Installing FalconGate from source Follow the steps below to configure your device and install FalconGate from this repository.
- Download and install the OS image to your Raspberry Pi or Banana Pi device
This is well documented in multiple sources out there.
- Connect to your device via SSH
$ ssh pi@<IP assigned to your RPi>
- Install Git if you don't have it yet
$ sudo apt-get update
$ sudo apt-get install git
- Clone FalconGate's repository to a local folder
$ cd /opt
$ sudo git clone https://github.com/A3sal0n/FalconGate.git
- Run the installation script inside FalconGate's folder
$ cd FalconGate/
$ sudo python install.py
Now you can go for a walk and prepare a coffee or any other beverage of your choice because the installation usually takes some time. The script will print the progress to the console.
The script should finish without issues if you're using the supported platforms. If you're attempting to install FalconGate experimentally to a new hardware platform/OS and you get some errors during the installation you could try to correct the issues manually and continue to execute the steps listed in the installation script.
- Login to your router and disable its DHCP server function
FalconGate was designed to work connected to a router over ethernet.
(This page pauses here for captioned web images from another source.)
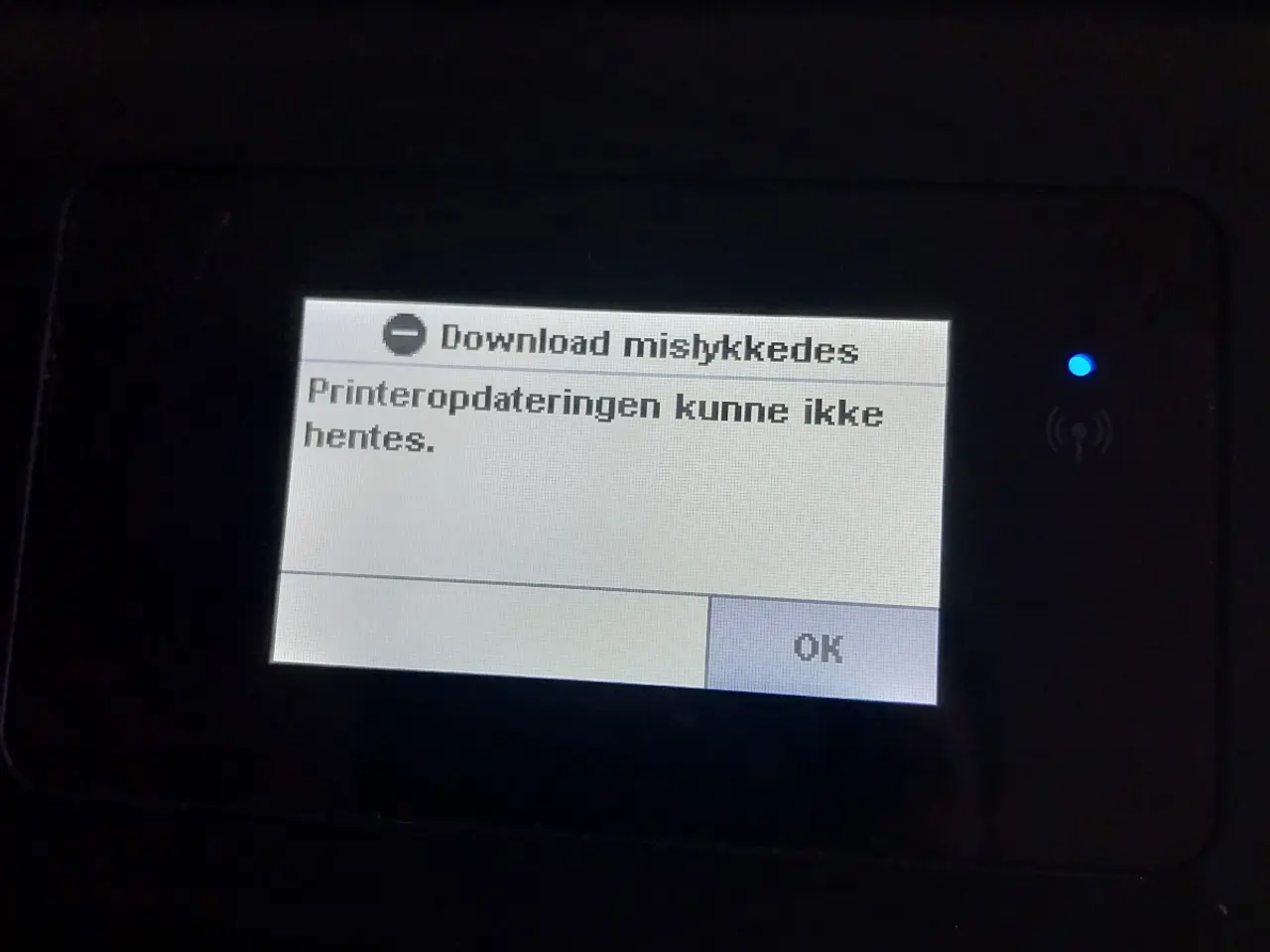 Billede 16 - HP envy printer scanner kopimaskine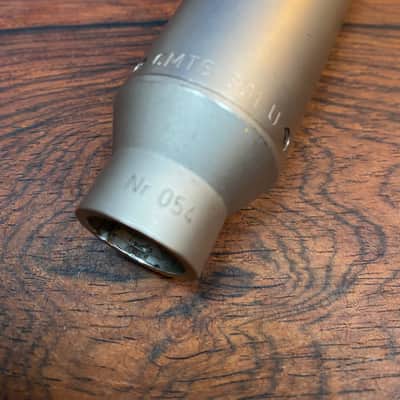 Schoeps CMTS 301 U Stereo microphone 1969-1972 (around that time) image 3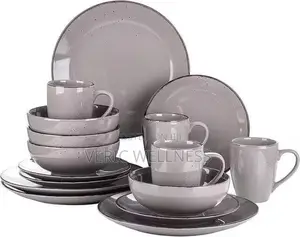 20pc Dinner Set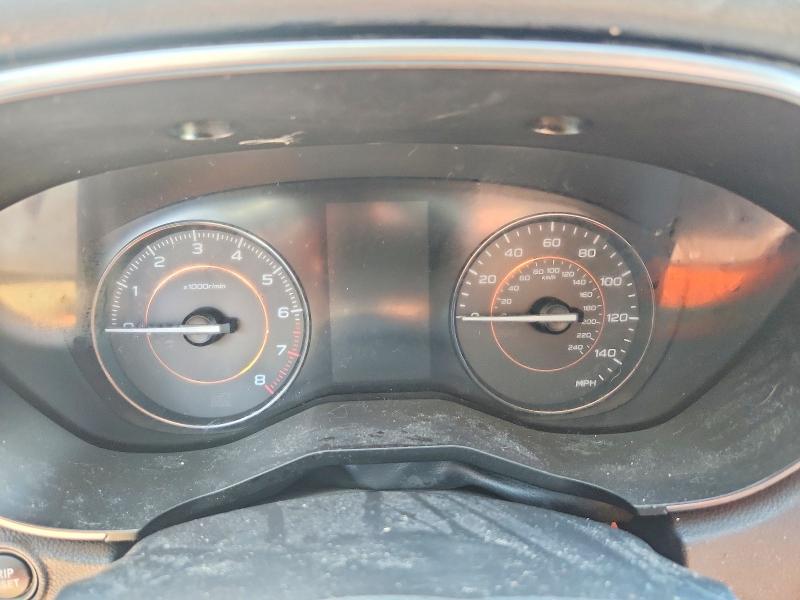 Aukcja sprzedaży 2018 Subaru Crosstrek, vin: JF2GTADC3JH248313, numer aukcji: 65720756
It does not replaces the functions of your router. Instead it becomes a layer of security between your devices and your router. Disabling your router's DHCP allows FalconGate to become the new gateway for all the devices connected to the same router in your VLAN.
- Reboot your device to apply all the configuration changes
- Login to FalconGate's web app and configure the email address(es) to be used as recipients for alerts and your VirusTotal API key
Deployment Some important considerations to keep in mind when deploying FalconGate to a real environment: home or production network.
- Change the default SSH password in your Raspberry Pi or Banana Pi devices
- Regenerate the openssh-server certificates for SSH encryption
Limitations Currently the RPi 2 model B and the Banana Pi M2+ have both a single ethernet interface so the traffic forwarding in the gateway it's done using this single interface. This has an impact in networks with fast Internet connection (e.g. > 50Mb/s). However it's still good enough for the home networks of many people's and even some small businesses.